Sailboats in the Fog
Island Exile, Audio Version

Her husband Clemens was executed, by order of the emperor. Flavia Domitilla herself was put on a ship and sent into exile. The emperor had her banished to one of the remote islands off the western coast. Previous emperors had done the same thing. They just shooed away embarrassing or disobedient female relatives. Insufficiently loyal male relatives were usually executed, since alive they were perpetual contenders for the purple. Regrettably, although kin, the males must serve as a mortal example to other wanna-be usurpers. They must die. The females were less of a threat, though. Undesirable female relatives like Domitilla were sometimes shown pity and spared death. Instead, they were simply sent away, shipped into exile. Perhaps someday, if sufficiently remorseful, Domitilla might be be granted clemency. 

Domitilla had offended Uncle Domitian with her infidelity — not of the marital sort, but of the religious sort. Domitilla had withheld due devotion to the ancestral gods, the very gods who had made Rome so great. Like her husband, Domitilla refused to participate in the rites. She would no longer show devotion to Jupiter, Minerva, and the rest of the Roman pantheon. Though she be a near, dear relative of the emperor, Domitilla could not be exempted from punishment, neither her nor her husband. His disgraceful disloyalty to Roma and abhorrent infidelity to its gods meant deserved death, hers meant banishment.

But what about the children? Clemens and Domitilla had children. Emperor Domitian was by no means indifferent to their plight. At least two of Domitilla’s sons already had Domitian’s favor. He had deemed himself their godfather. The emperor himself had no living children. There was thus no heir apparent. Before their parents were even found guilty of treasonous infidelity, the boys had been adopted children by Uncle Emperor Domitian. He had embraced them, adopted them, and renamed them after his father and himself. The boys had been renamed Vespasian and Domitian. Emperor Domitian intended for one or both of the boys to take his place someday, to succeed him. At least one of the boys would someday wear the purple — provided they were loyal, faithful, and worthy, unlike their traitorous parents.    

But Domitilla had an unlikely avenger named Stephanus. Stephanus had been one of Domitilla’s household servants until his services were suspect. Stephanus was accused of stealing from her. Thereafter, Stephanus went rogue and joined the rebellion. He somehow joined up with a group of court conspirators who were plotting to kill Uncle Emperor Domitian. Stephanus either volunteered himself or was designated to do the bloody deed. And do the deed he did. But he himself died in the doing. 

Stephanus assassinated Uncle Emperor Domitian by stabbing him with a concealed dagger. But before he bled out and died, Domitian fought back and returned the favor. 

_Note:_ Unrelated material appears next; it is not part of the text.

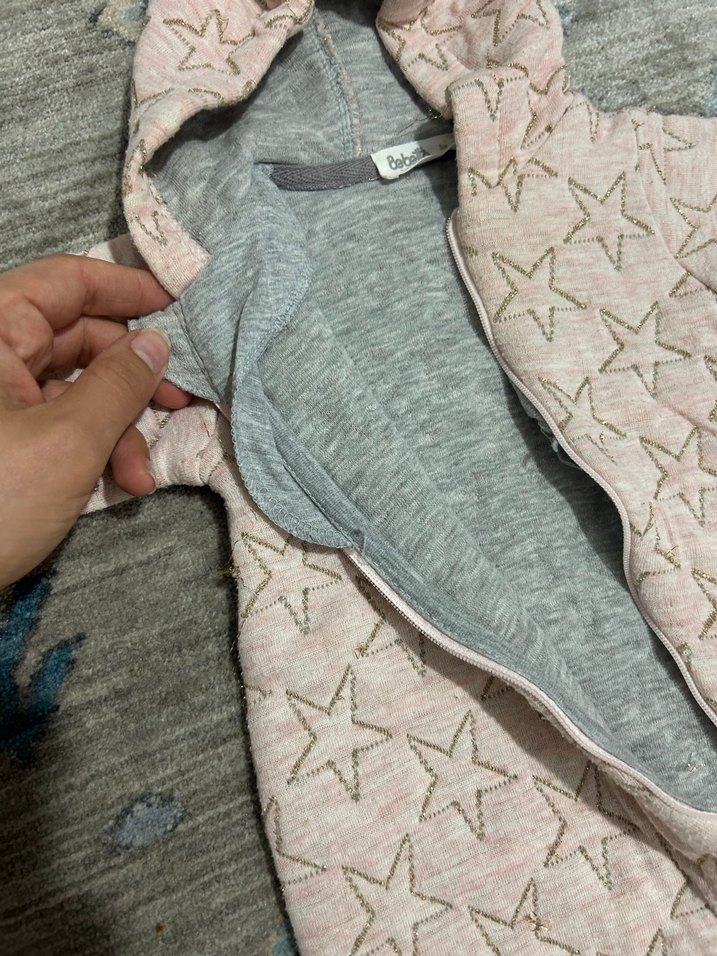 Kapüşonlu kapitone Bebek Tulumu - Görsel 4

At news of his death, the Roman Senate was elated. They despised Domitian. And that’s an understatement. Domitian had been a sadistic and vile emperor. He had killed many of them. He had terrorized the rest. Shortly after his death, the Senate damned his memory. Everything that ever glorified Domitian was to be undone, taken down, scratched out, demolished, or scrubbed. Domitian be damned, for all eternity. So it was written, and so it was done.

Domitian was actually bald, and bothered by it.

While all this court intrigue may be interesting to Ancient Roman history buffs, what does it have to do with the Bible? Does it have anything to do with the Book of Revelation?

Yes, it does indeed have something to do with Book of Revelation. Brother Eusebius, who wrote the indispensable history of the early Church, says that Domitian was Emperor when the Book of Revelation was written. And Eusebius is probably right about that. Domitian banished Domitilla because of her infidelity to the Roman pantheon. Both the Greek Orthodox Church and the Roman Catholic Church claim that Domitilla was actually a Christian convert and a martyr. Historians generally concur that Domitilla was a convert to Christianity. It seems very likely. If so, Domitilla was exiled because of her steadfast testimony for Christ, just like John, the author of Revelation. Both of them were exiled by decree of Domitian for their faith.      

John was exiled to Patmos.

But wait, there’s more — I would like to suggest the possibility that Emperor Domitian is even prophesied in the Old Testament. Domitian seems to fit the depiction of the arrogant eleventh king in Daniel 7:19-28. Domitian was the eleventh emperor of Rome. And Domitian did enact policies that resulted in the prosecution and persecution of Jews and Christians. 

Further explanation of what exactly Domitian did needs to wait for another blog post, though.

As a take away, realize that God was in control and at work through everything that occurred in those dark days. As a parent, I imagine the anxiety that Clemens and Domitilla must have felt when they were separated from their children by the Roman authorities. Clemens and Domitilla would have been sorely tempted to play along with Domitian’s demands. But they were steadfast. Otherwise, Clemens would have been spared and Domitilla would have stayed home. And we might never have heard of either of them.